Life at the playground has changed now that parents and caregivers bring their cell phones with them. And many are feeling guilty about it, according to a new study.
While other studies have looked at cell phone use on playgrounds from a distance, this one went further. Researchers recorded over 40 hours of adults' behavior at playgrounds in Seattle. They also interviewed parents, nannies and other adults about their cell phone use.
Feelings fell into three main camps. Most of the adults watching kids (44%) felt that they should restrict phone use on the playground, and felt guilty for not doing so; 28% felt that most “adult-focused” cellphone use was perfectly appropriate; and 24% felt it was important to eliminate or at least minimize cell phone use while watching children and lived up to that ideal.
Phone use did have its consequences. It was much more distracting than the users realized.
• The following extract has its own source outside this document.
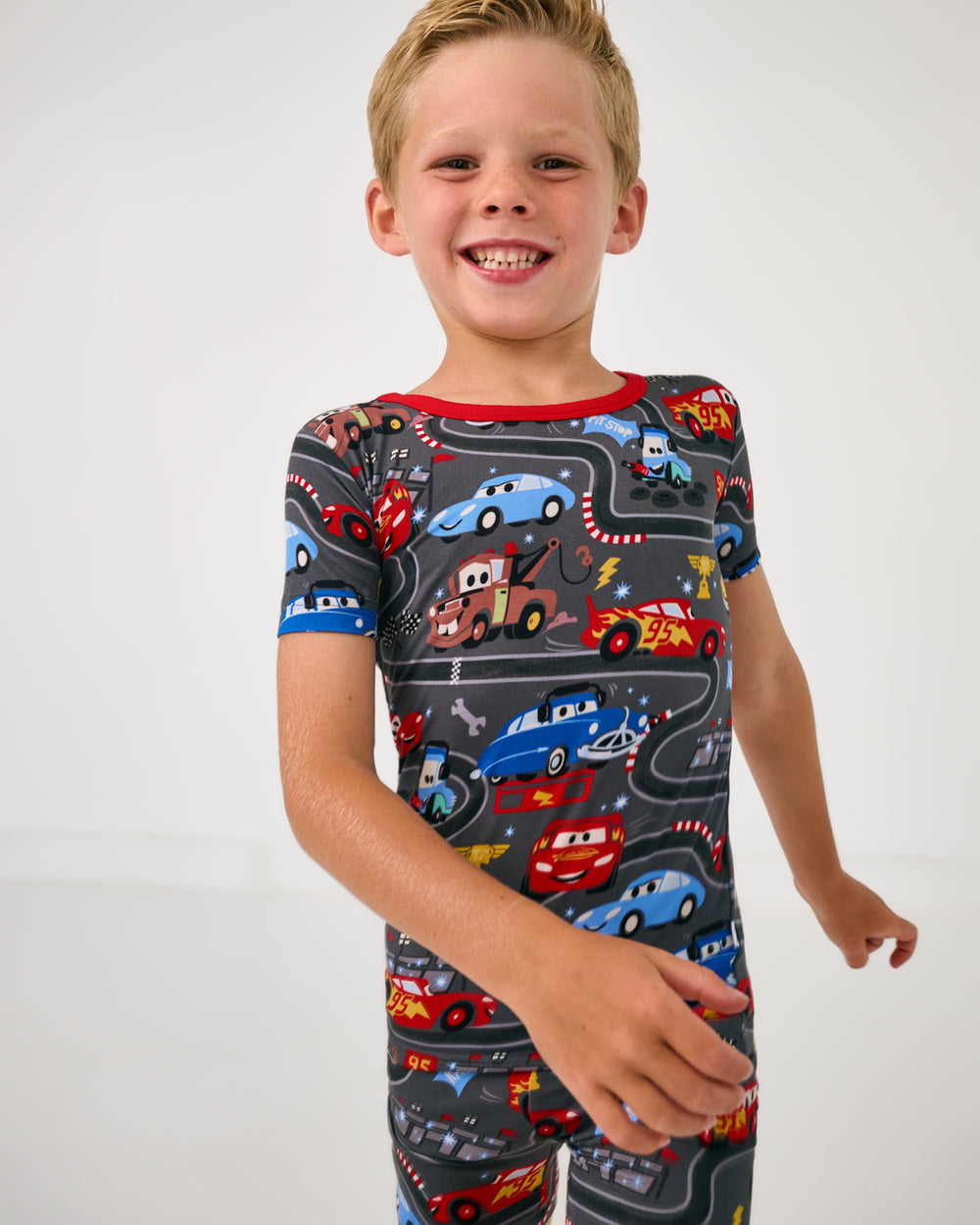 Boy in motion wearing the Disney & Pixar Piston Cup Two-Piece Short Sleeve & Shorts Pajama Set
When children tried to interrupt an adult using a cell phone — asking the adult to look at them or settle a dispute or for some other reason, more than half of the time (56%), the adult failed to respond, speak or even look away from the phone. When these adults were not on the phone, but chatting with a friend, helping another child or simply staring into space, a child's request was only ignored 11% of the time.
So maybe cell phone users do have something to feel guilty about. It certainly seems to be taking their attention away from the children. Even worse, adults tended to overestimate how responsive they were to children's requests for attention while using their phone. They realized that being on the phone was distracting, but many mistakenly thought that a child's request for attention would filter through and bring their mind back to playground.
Adults tended to overestimate how responsive they were to children's requests for attention while using their phone.
Boredom was the single greatest factor prompting people to reach for their phones.
Imagine a feature like the V-chip on a TV, with children deciding which phone functions to block and which to allow their parents to access. Hopefully, parents are monitoring children's screen time, so turnabout is fair play.
The study was presented at the Association for Computing Machinery's Computer Human Interface (CHI) 2015 conference.